[How to complete this task]: Return the data exactly, without pictures.

[Supplied information]:
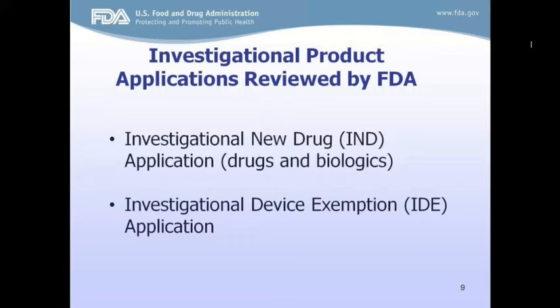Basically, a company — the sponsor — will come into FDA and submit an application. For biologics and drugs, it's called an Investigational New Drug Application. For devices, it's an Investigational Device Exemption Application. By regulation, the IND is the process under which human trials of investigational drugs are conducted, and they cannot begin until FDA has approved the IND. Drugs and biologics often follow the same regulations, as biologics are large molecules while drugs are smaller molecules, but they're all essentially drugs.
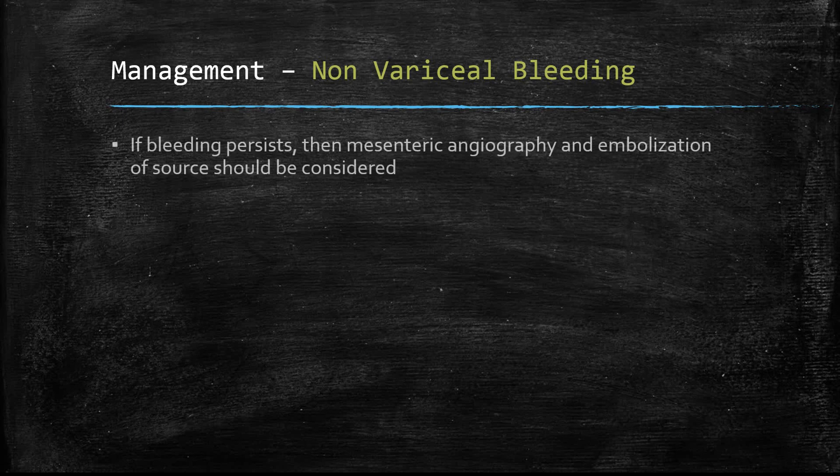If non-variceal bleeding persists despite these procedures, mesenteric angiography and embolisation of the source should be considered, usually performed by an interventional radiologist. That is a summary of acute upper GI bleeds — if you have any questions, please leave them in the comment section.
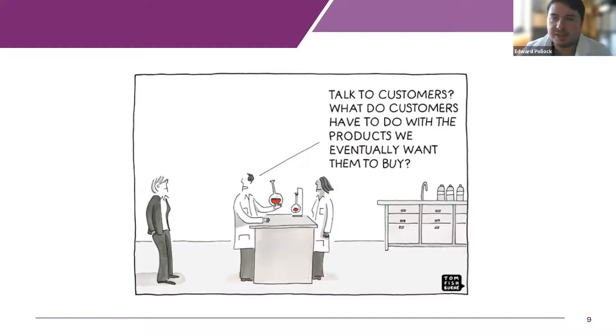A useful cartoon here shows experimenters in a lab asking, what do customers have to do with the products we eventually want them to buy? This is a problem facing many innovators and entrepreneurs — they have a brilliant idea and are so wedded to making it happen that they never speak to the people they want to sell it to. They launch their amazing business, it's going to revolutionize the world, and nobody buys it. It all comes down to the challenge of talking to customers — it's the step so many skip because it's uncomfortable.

[Solution to this exercise]:
Basically, a company — the sponsor — will come into FDA and submit an application. For biologics and drugs, it's called an Investigational New Drug Application. For devices, it's an Investigational Device Exemption Application. By regulation, the IND is the process under which human trials of investigational drugs are conducted, and they cannot begin until FDA has approved the IND. Drugs and biologics often follow the same regulations, as biologics are large molecules while drugs are smaller molecules, but they're all essentially drugs.
If non-variceal bleeding persists despite these procedures, mesenteric angiography and embolisation of the source should be considered, usually performed by an interventional radiologist. That is a summary of acute upper GI bleeds — if you have any questions, please leave them in the comment section.
A useful cartoon here shows experimenters in a lab asking, what do customers have to do with the products we eventually want them to buy? This is a problem facing many innovators and entrepreneurs — they have a brilliant idea and are so wedded to making it happen that they never speak to the people they want to sell it to. They launch their amazing business, it's going to revolutionize the world, and nobody buys it. It all comes down to the challenge of talking to customers — it's the step so many skip because it's uncomfortable.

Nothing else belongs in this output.